Ireland ordered to pay €2 million over failing to implement EU money-laundering directive in time

The directive was on the prevention of the use of financial systems for the purposes of money laundering or terrorist financing.

IRELAND HAS BEEN ordered to pay a €2 million lump sum for failing to properly implement an EU directive, in time or in full, to combat the use of financial systems for money laundering or terrorist financing.

Romania was also fined €3 million as part of the same ruling, in a case taken by the European Commission against the two countries. 

EU member states had to transpose Directive 2015/849 into their national law by 26 June 2017 and notify the European Commission of the measures adopted in relation to it.

The European Commission took a case against Ireland and Romania on 27 August 2018 for failing to reflect the directive in their national laws in time, and failing to notify the Commission.

The directive – on the prevention of the use of financial systems for the purposes of money laundering or terrorist financing – has since been transposed in full into both Romanian law and Irish law.

In a ruling given this morning by the Court of Justice of the European Union (CJEU) found that Romania and Ireland had “neither adopted the national measures transposing Directive 2015/849 nor notified such measures to the Commission and that, consequently, they failed to fulfill their obligations under that directive”.

Although both countries later implemented these measures, the Court found that “the fact remains that that failure to fulfill obligations existed on the expiry of the period prescribed in the respective reasoned opinions, with the result that the effectiveness of EU law was not ensured at all times”. 

The Commission had initially sought an order that Romania and Ireland should pay “a daily penalty payment” from the date of delivery of the judgment for failure to fulfil the obligation to notify the measures transposing that directive. It had also sought a lump sum.

But the Commission later withdrew the part of its actions seeking that daily payment, since the directive had since been transposed in full into Irish law and Romanian law.

Concluding, the Court said that the point of giving a deadline by which EU member states were to transpose EU directives into national law was to “to ensure the full effectiveness of EU legislation”.

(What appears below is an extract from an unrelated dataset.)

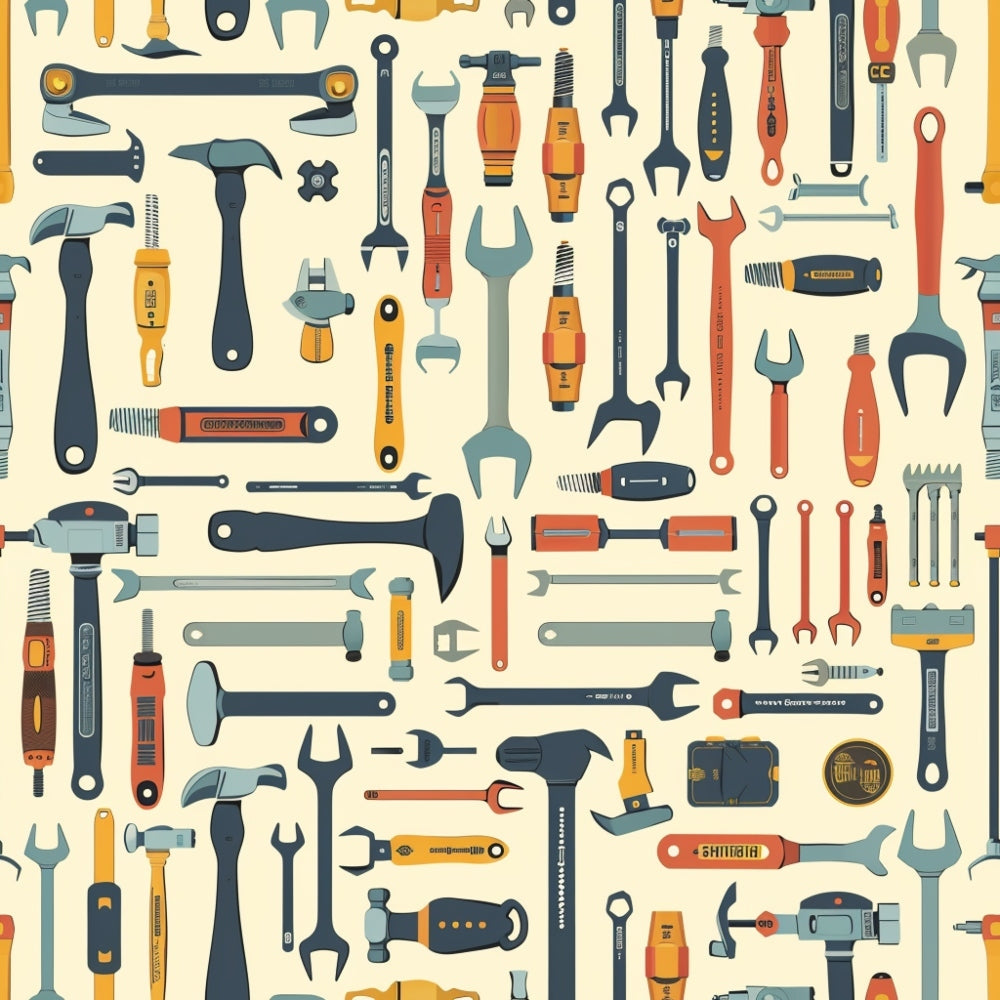 Illustration of assorted tools, including hammers, wrenches, pliers, and screwdrivers, arranged randomly on a light background.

“Any other approach would indeed be tantamount to calling into question the effectiveness of the provisions of directives setting the date on which the measures transposing those directives must enter into force,” it said.

The Court also noted that the Commission initiated a pre-litigation procedure to deal with the “failure to fulfill the obligations at issue”.

“Consequently, the Court concluded that the failure to fulfill obligations by Romania and Ireland persisted for somewhat more than two years,” it said.